▶ **Required action**
Output the full listing below exactly as it reads, and skip anything that is a picture.

▶ **Information provided**
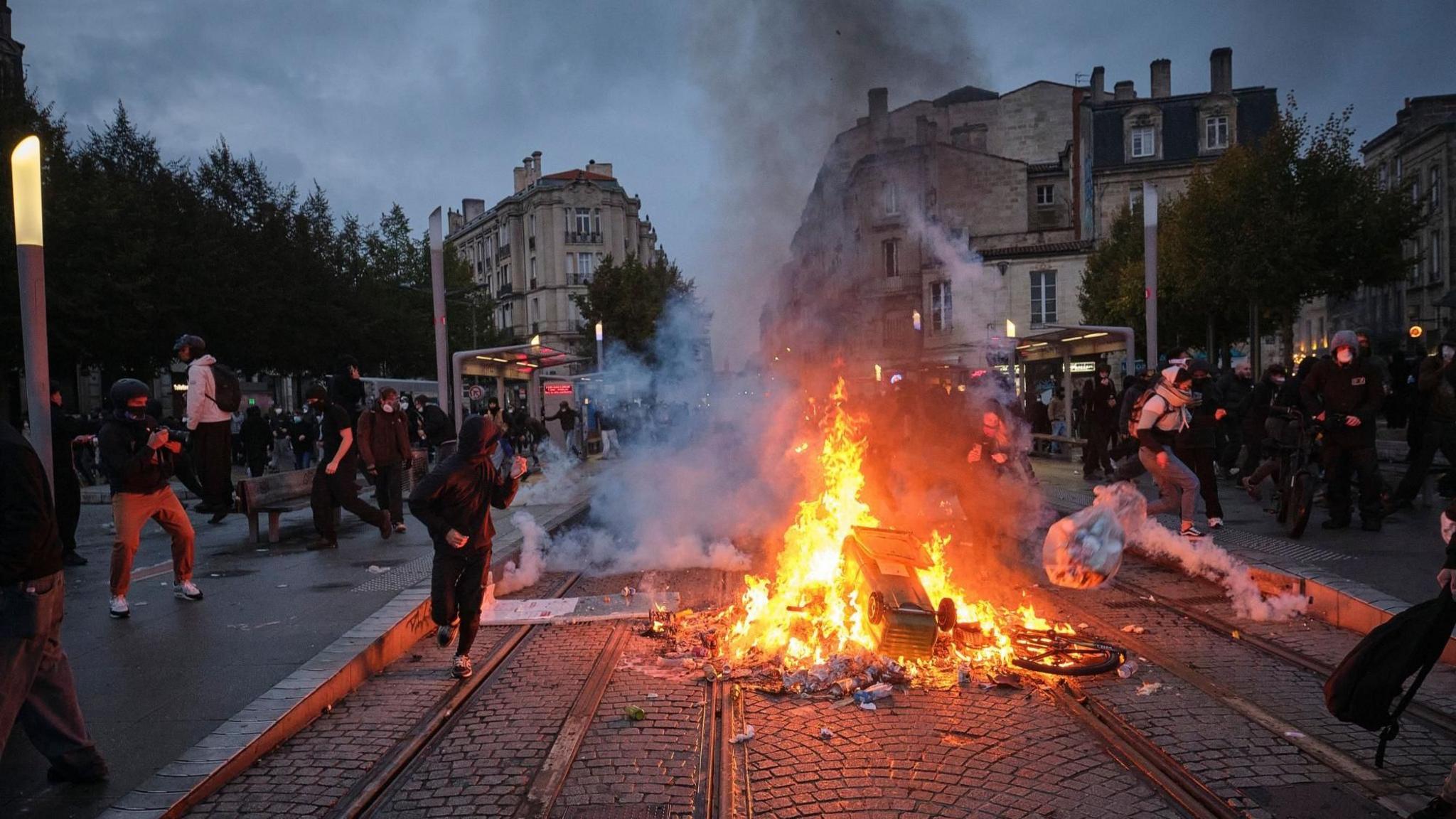 People clash with police officers as objects burn at a barricade during a demonstration against the high cost of living in Bordeaux, France, 24 October 2026.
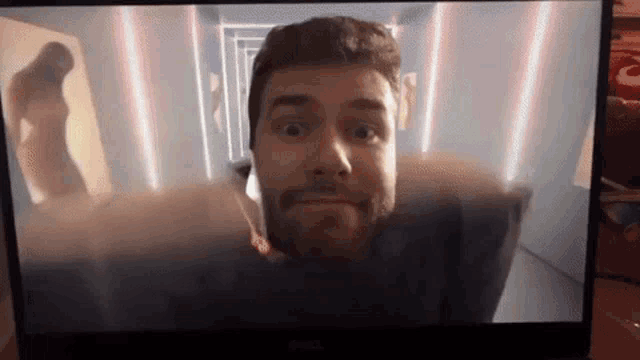 a man with a beard is looking at the camera on a dell monitor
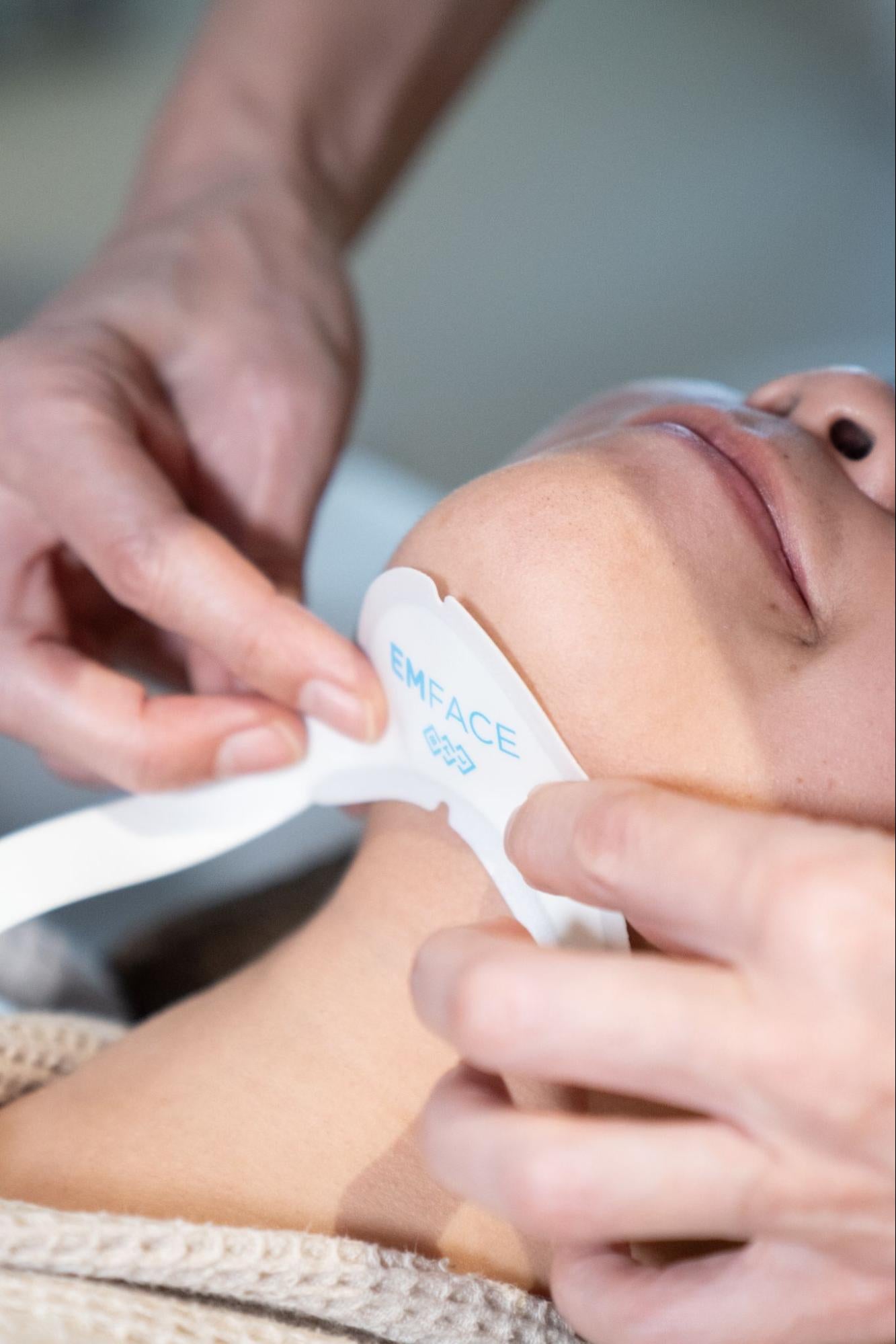 Woman undergoing EMFace treatment at BROWZ in Dubai, UAE to lift and tighten skin, reducing the appearance of a double chin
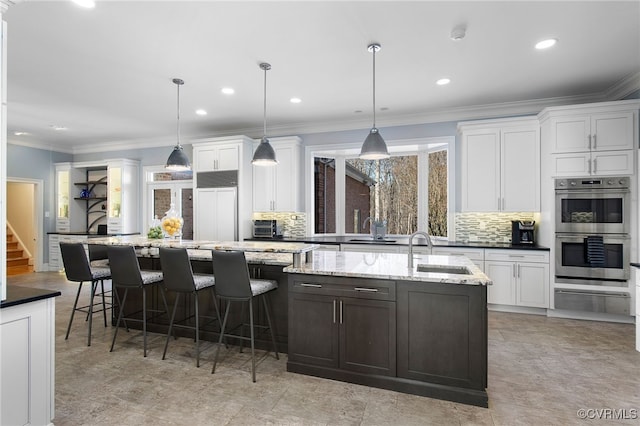 16460 W Crescent Ln, Hanover, VA 23192 - kitchen with double oven, a sink, decorative backsplash, white cabinets, and ornamental molding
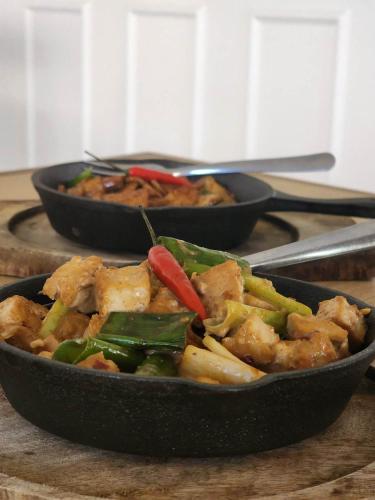 two black dishes of food on a table at Casa De Española Hotel and Resort in Aritao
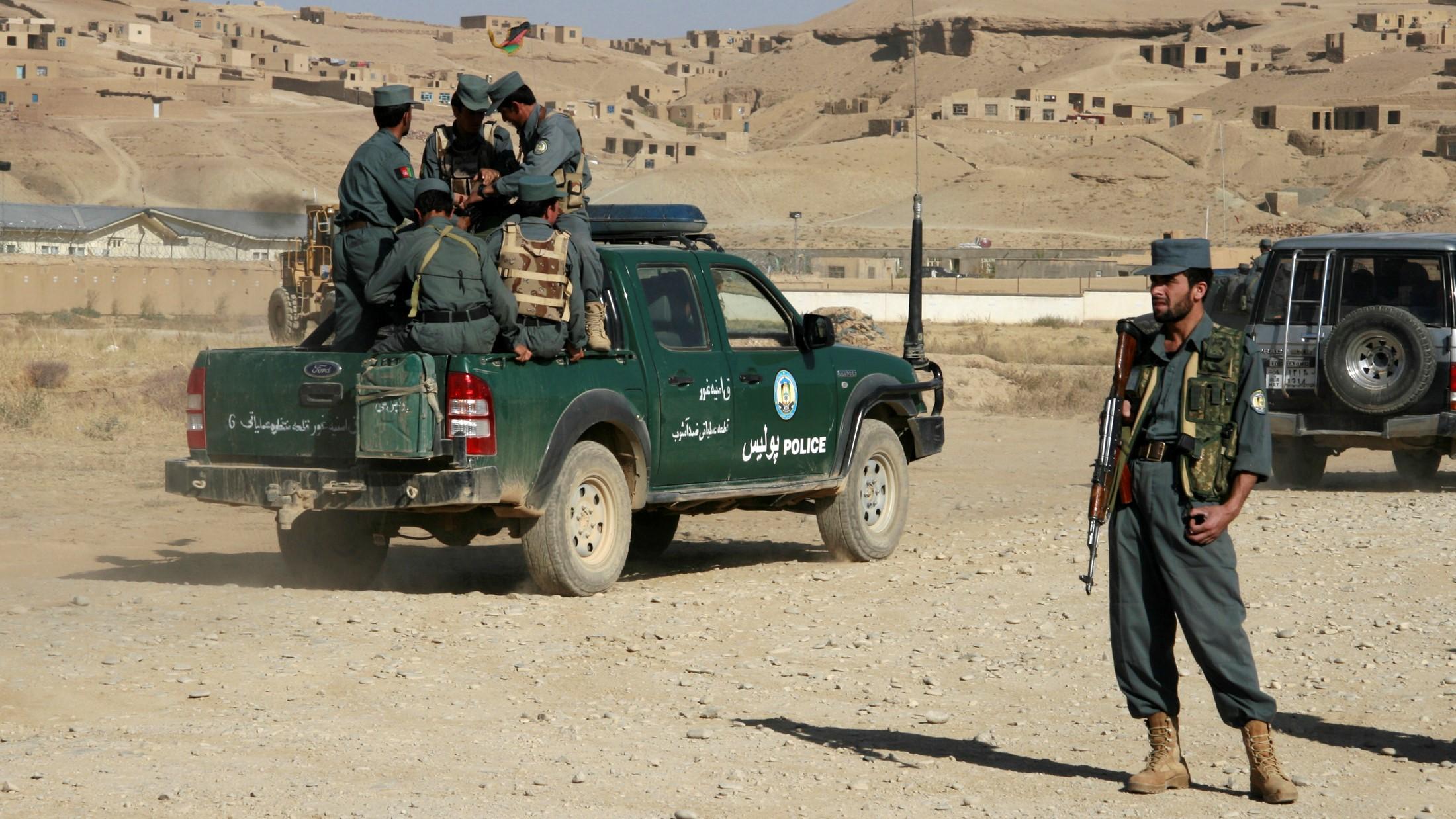 Photo shows a group of uniformed officers huddled in the back of a dark green pickup truck with "Police" written on the side. They are stationed in front of a village on a hill with several low-lying structures that appear to be built out of natural materials. One officer stands at attention away from the truck.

▶ **Problem solution**
 People clash with police officers as objects burn at a barricade during a demonstration against the high cost of living in Bordeaux, France, 24 October 2026.
 a man with a beard is looking at the camera on a dell monitor
 Woman undergoing EMFace treatment at BROWZ in Dubai, UAE to lift and tighten skin, reducing the appearance of a double chin
 16460 W Crescent Ln, Hanover, VA 23192 - kitchen with double oven, a sink, decorative backsplash, white cabinets, and ornamental molding
 two black dishes of food on a table at Casa De Española Hotel and Resort in Aritao
 Photo shows a group of uniformed officers huddled in the back of a dark green pickup truck with "Police" written on the side. They are stationed in front of a village on a hill with several low-lying structures that appear to be built out of natural materials. One officer stands at attention away from the truck.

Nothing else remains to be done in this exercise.